# JOB-A-THON BY ANALYTICS VIDYA

## APPROACH USED IN THE SOLUTION 


1.   **DATA CLEANING**
> a) Rows with USERID as NULL were dropped.

  >b) The activity, ProductID, OS features had values of string datatype in both uppercase and lowercase that was transformed with capitalise function.

2.   **DATA TRANSFORMATION**
> a) The VisitDateTime feature had values in both UNIX Timestamp format and Datetime format. This discrepancy was made uniform throughout the feature value.


3.   **FEATURE WISE DATA ANALYSIS**
> most_active_os- This was obtained by determining the mode value in the OS feature column for each group of USERIDs

  > Recently_Viewed_Product- This was obtained by determining the particular record with max value in the VisitDateTime feature column for each group of USERIDs and the respective ProductID was stored.

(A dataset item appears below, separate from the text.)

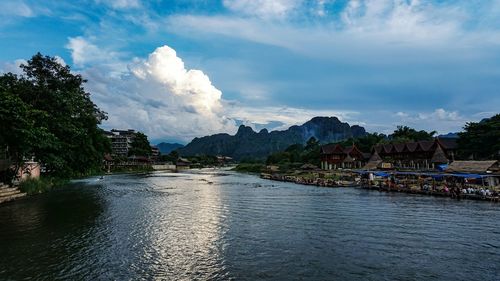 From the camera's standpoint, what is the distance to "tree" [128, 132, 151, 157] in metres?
170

  > No_Of_Products_Viewed_15_Days- This was obtained by determining all the records that lie in the range of latest(max) VisitDateTime and 15 days before the latest(max) VisitDateTime for each group of USERIDs and then calculating the count of listed products of the selected records for each user.

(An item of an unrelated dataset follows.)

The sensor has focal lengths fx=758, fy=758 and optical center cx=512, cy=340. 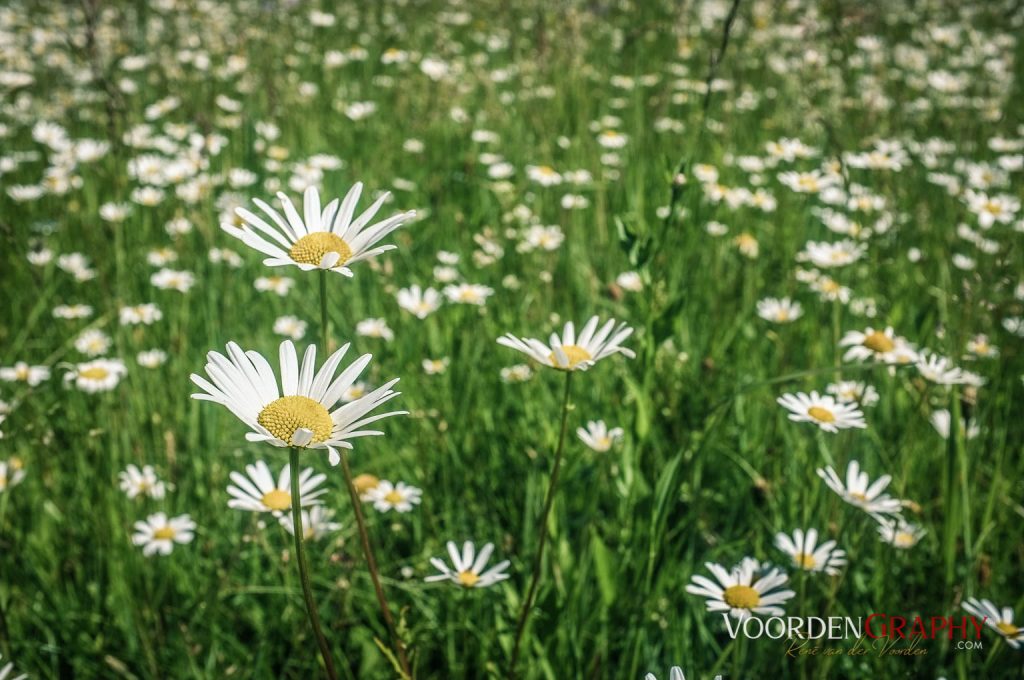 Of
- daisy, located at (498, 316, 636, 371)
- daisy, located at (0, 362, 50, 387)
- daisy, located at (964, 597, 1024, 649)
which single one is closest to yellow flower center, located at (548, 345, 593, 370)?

  > Most_Viewed_product_15_Days- This was obtained by determining all the records that have their VisitDateTime feature value greater than 2018-05-13 (this date was selected based on the values given for the datetime feature in the dataset). Now for each group of USERIDs, the most occurring productID was selected.

  > Pageloads_last_7_days- This was obtained by determining all the records that lie in the range of latest(max) VisitDateTime and 7 days before the latest(max) VisitDateTime for each group of USERIDs and then calculating the count of records with Activity value as 'Pageload' for each group.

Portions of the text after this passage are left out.